Once the small Kingdom of Galicia–Volhynia and later a crown land of Austria-Hungary, the Kingdom of Galicia and Lodomeria, which straddled the modern-day border between Poland and Ukraine, Jewish Galicia was a cultural incubator that produced Hasidic dynasties, the writer Shai Agnon and modern Yiddish music. After centuries of thriving Galicia’s vibrant Jewish atmosphere quickly vanished during the Holocaust. Around one million Jews lived in Ukraine and 700,000 in Galicia at the beginning of the Holocaust. At the Holocaust’s conclusion, the figures plummeted as the Nazis doused the region in Jewish blood. Galicia’s once-majestic synagogues and sprawling Jewish cemeteries are now decaying shacks and unkempt meadows.
We make our first stop at the town of Drohobych, home to the legendary Jewish writer and artist Bruno Schulz.We visit Former King Władysław Jagiełło State Gymnasium where Schulz worked as a teacher of drawing and manual arts from 1924 to 1939 and where one-room Bruno Schulz Museum was opened in 2003 in one of his former professorial offices. Then you get inside recently renovated the Great Synagogue in Drohobych that in the 19th century was known as the largest synagogue in Eastern Europe. We pay our respect to those who perished in the Holocaust at a memorial site built in the nearby forest where the town’s Jewish population was murdered. Of the thousands of Jews who once walked the city of Drohobych, a mere 150 call it their home today. They do need our support and many of them gladly meet our groups to tell their story…
We head to Bolekhiv (Bolechow) now, but on the way we stop in Stryi (Stryj), a small, faded town where Jews lived from the 17th century until the community was destroyed in the Holocaust. Some 12,000 Jews lived here on the eve of World War II, about 40 percent of the local population. Most were deported to the Nazi death camp in Belzec (Poland), but hundreds were rounded up and held in the main synagogue; many died there and many were shot dead in the Jewish cemetery or a nearby forest, where a small memorial stone now commemorates the victims. Today, the only remnant of the Jewish past in Stryi is the hulking ruin of the Great Synagogue. Only the walls are left standing, enclosing empty space. The arched central portal is now closed by a new gate that features a menorah and stars of David, and a plaque denotes the ruin as a former synagogue.

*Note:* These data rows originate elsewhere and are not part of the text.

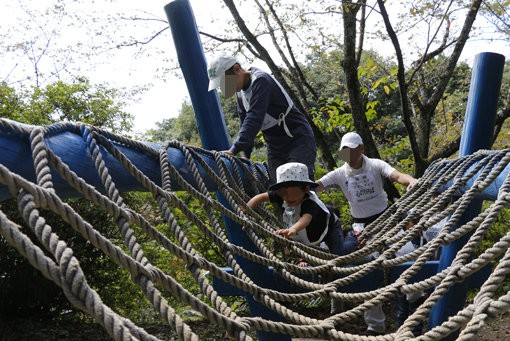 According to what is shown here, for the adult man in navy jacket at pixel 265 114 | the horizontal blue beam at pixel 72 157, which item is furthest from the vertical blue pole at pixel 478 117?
the horizontal blue beam at pixel 72 157

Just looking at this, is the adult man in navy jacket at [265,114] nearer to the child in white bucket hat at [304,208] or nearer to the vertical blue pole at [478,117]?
the child in white bucket hat at [304,208]

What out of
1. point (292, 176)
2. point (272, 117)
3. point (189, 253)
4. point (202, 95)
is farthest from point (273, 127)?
point (189, 253)

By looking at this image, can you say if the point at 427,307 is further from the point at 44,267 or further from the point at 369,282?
the point at 369,282

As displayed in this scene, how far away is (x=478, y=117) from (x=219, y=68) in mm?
1161

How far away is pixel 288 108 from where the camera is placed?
230cm

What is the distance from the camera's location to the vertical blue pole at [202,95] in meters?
2.15

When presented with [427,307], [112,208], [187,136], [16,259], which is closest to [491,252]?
[427,307]

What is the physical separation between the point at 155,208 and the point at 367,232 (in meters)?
2.89

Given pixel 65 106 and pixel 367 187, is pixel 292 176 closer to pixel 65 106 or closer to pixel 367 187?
pixel 367 187

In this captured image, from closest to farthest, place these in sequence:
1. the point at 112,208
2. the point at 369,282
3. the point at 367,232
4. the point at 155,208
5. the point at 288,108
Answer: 1. the point at 112,208
2. the point at 369,282
3. the point at 367,232
4. the point at 288,108
5. the point at 155,208

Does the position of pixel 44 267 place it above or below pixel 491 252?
above

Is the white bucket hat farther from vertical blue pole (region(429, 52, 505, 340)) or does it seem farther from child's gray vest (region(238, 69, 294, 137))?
vertical blue pole (region(429, 52, 505, 340))

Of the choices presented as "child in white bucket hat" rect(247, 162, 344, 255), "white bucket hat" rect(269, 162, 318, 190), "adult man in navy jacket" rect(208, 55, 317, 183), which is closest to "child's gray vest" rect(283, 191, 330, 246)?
"child in white bucket hat" rect(247, 162, 344, 255)

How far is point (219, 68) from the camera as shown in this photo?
6.93 ft
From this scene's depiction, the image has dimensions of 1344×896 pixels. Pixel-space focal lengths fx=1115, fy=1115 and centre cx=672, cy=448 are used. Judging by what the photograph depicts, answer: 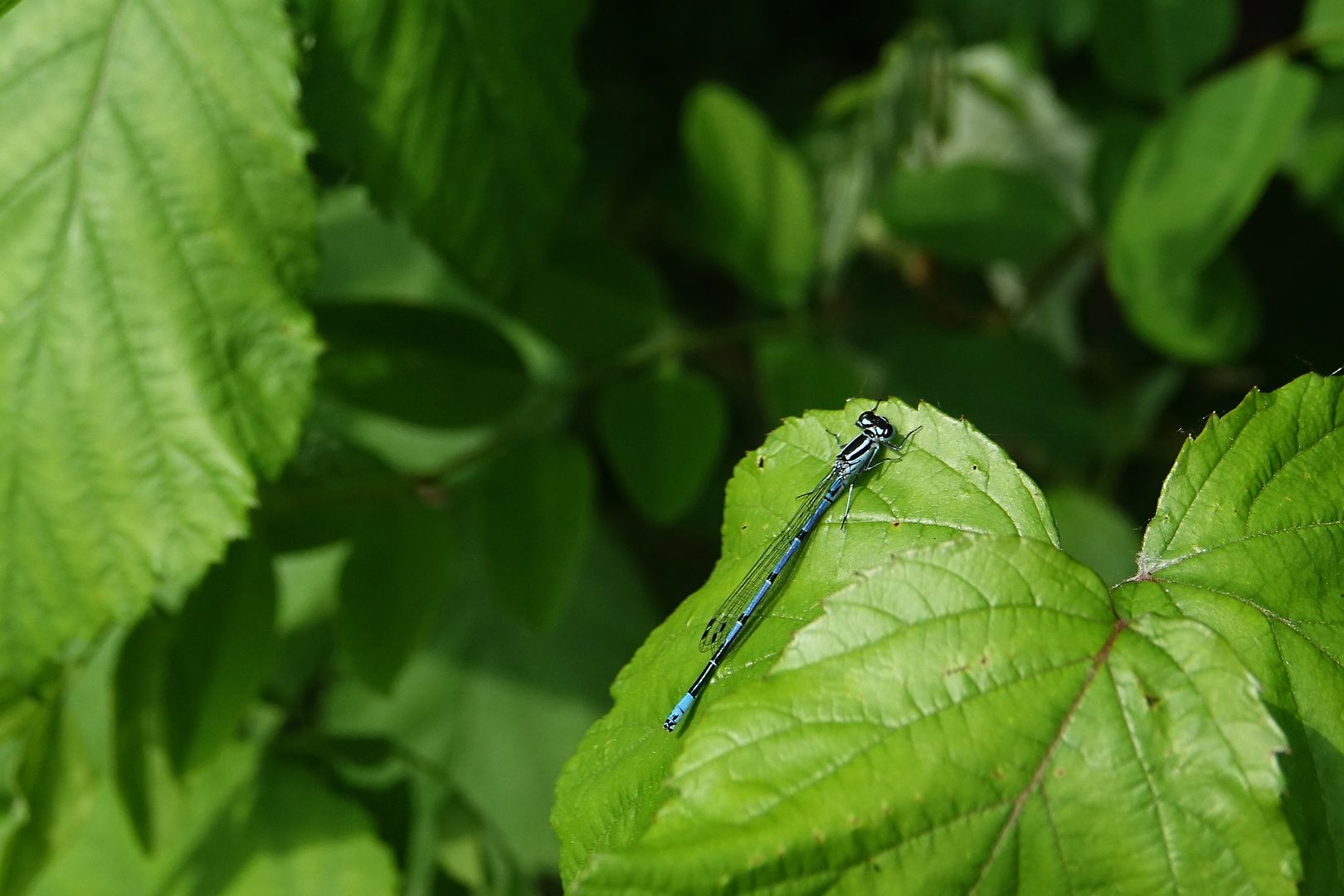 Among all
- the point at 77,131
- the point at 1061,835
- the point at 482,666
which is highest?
the point at 77,131

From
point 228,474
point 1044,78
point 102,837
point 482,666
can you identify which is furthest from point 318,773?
point 1044,78

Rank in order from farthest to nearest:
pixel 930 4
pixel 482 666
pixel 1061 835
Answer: pixel 482 666 < pixel 930 4 < pixel 1061 835

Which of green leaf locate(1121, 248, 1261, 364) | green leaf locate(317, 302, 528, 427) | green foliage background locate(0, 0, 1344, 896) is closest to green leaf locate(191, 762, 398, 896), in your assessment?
green foliage background locate(0, 0, 1344, 896)

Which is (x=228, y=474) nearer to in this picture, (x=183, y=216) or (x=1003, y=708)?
(x=183, y=216)

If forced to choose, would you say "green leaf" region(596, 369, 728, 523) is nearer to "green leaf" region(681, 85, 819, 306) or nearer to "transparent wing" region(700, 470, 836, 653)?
"green leaf" region(681, 85, 819, 306)

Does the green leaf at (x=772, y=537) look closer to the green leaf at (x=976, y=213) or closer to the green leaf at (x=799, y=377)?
the green leaf at (x=799, y=377)

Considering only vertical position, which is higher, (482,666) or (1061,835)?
(1061,835)

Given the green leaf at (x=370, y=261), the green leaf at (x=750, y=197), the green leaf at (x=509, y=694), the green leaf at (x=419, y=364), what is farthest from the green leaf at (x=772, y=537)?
the green leaf at (x=370, y=261)

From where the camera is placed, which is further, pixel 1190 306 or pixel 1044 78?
pixel 1044 78

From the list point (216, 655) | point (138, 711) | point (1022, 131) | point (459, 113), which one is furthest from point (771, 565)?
point (1022, 131) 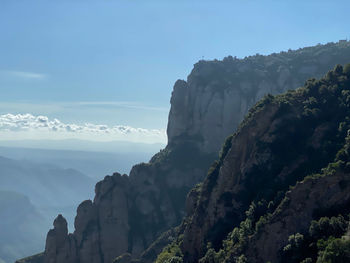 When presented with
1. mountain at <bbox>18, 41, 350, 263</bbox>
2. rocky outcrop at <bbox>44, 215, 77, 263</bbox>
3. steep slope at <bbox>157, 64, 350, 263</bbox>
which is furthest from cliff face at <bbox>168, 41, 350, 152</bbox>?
steep slope at <bbox>157, 64, 350, 263</bbox>

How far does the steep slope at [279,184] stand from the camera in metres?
53.6

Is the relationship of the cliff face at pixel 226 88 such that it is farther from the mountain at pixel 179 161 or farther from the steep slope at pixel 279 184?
the steep slope at pixel 279 184

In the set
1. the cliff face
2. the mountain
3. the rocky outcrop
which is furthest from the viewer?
the cliff face

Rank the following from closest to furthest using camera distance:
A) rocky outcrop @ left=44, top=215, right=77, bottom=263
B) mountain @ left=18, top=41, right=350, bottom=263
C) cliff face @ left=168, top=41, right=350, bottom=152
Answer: rocky outcrop @ left=44, top=215, right=77, bottom=263 < mountain @ left=18, top=41, right=350, bottom=263 < cliff face @ left=168, top=41, right=350, bottom=152

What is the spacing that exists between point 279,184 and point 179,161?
82064mm

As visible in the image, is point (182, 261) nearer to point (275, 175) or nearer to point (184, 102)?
point (275, 175)

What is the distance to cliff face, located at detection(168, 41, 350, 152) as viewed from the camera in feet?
511

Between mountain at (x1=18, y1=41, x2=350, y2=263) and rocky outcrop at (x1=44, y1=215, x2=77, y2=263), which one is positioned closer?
rocky outcrop at (x1=44, y1=215, x2=77, y2=263)

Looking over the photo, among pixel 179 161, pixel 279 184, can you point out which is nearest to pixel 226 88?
pixel 179 161

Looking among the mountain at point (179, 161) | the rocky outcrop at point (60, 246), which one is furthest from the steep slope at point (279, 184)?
the rocky outcrop at point (60, 246)

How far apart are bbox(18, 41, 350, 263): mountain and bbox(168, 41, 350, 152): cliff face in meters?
0.33

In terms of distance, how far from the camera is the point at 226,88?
6432 inches

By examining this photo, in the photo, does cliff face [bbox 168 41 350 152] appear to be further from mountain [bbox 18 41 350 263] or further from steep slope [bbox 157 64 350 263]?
steep slope [bbox 157 64 350 263]

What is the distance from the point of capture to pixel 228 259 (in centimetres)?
5853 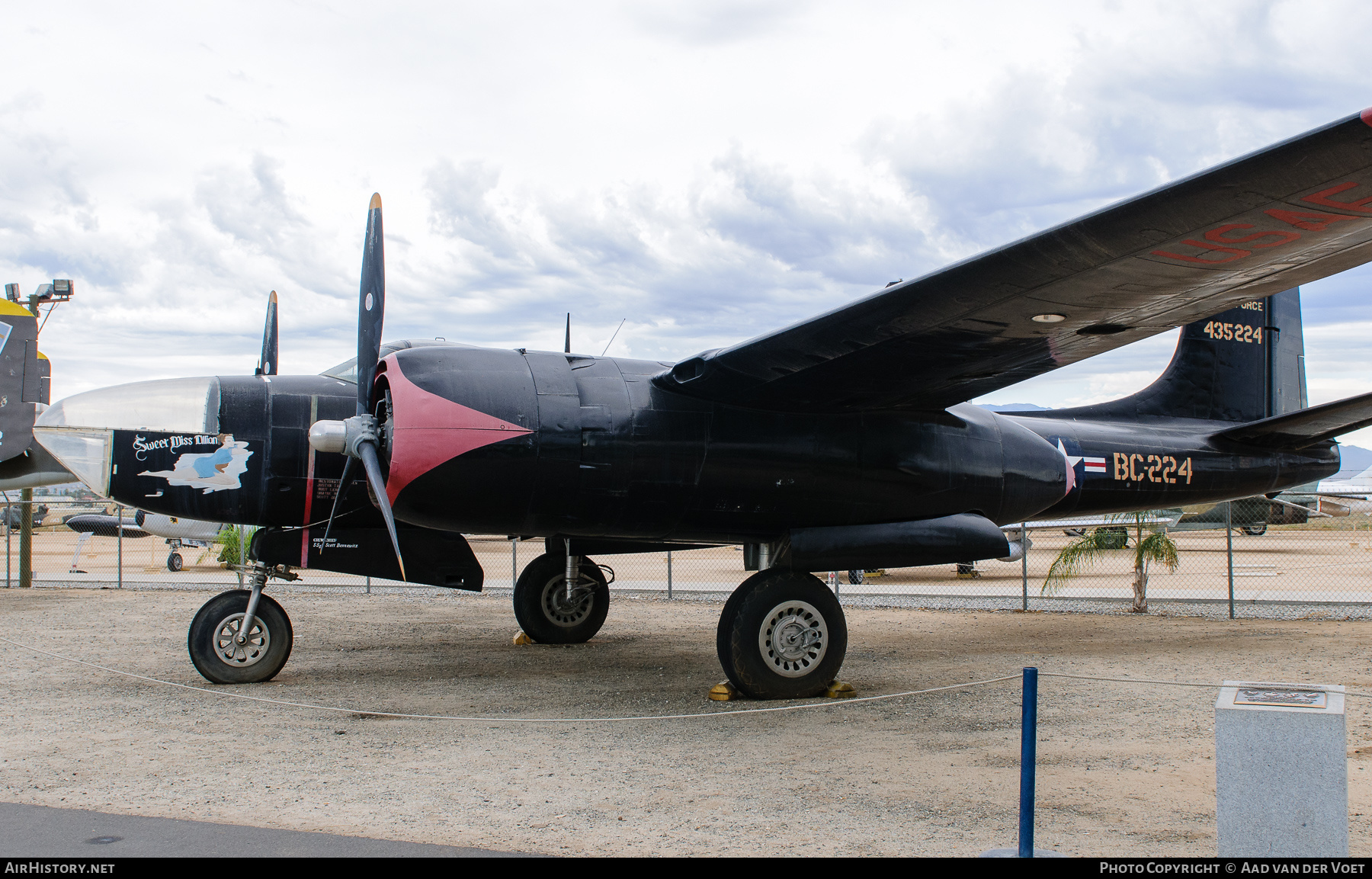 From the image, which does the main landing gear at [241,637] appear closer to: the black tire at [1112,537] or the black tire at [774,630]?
the black tire at [774,630]

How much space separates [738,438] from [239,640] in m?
4.92

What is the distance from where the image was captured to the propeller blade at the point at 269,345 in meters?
9.73

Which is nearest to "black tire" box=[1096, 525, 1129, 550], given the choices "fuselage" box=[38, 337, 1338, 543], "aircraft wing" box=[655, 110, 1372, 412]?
"fuselage" box=[38, 337, 1338, 543]

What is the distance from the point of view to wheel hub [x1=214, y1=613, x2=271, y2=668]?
8719 millimetres

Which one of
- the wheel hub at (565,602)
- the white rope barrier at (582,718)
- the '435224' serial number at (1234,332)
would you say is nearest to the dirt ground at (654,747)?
the white rope barrier at (582,718)

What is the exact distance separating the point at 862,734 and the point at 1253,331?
29.3 feet

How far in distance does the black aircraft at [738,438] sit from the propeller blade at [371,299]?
16mm

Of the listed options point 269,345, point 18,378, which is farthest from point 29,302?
point 269,345

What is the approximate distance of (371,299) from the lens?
8023 millimetres

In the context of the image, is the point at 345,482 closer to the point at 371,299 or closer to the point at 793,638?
the point at 371,299

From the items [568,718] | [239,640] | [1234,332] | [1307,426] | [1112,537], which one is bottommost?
[568,718]

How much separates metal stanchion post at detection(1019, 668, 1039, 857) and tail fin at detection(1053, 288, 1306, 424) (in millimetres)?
7545

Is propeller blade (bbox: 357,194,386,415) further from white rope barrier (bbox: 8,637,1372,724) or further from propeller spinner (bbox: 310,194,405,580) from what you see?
white rope barrier (bbox: 8,637,1372,724)

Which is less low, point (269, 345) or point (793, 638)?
point (269, 345) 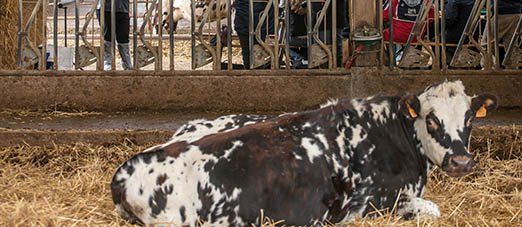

Bolekhiv is less than 20 km due south of Stryj, and upon arrival we take a look at the surviving synagogue, a rather tall, narrow building set off the long main square across from a newly renovated church. Jews settled in Bolechow in the 16th century and by 1900 made up about three-quarters of the population. Nearly 3,000 Jews lived there in 1938; as in Stryj and so many other towns in western Ukraine, they were deported to their deaths at Belzec or massacred locally by German units and local collaborators.
The Jewish cemetery on a little hill across a stream just outside of town was founded in the 17th century, and the earliest legible stone dates from 1648. About 1,500 tombstones are spread out here, shaded by trees that have grown up over time.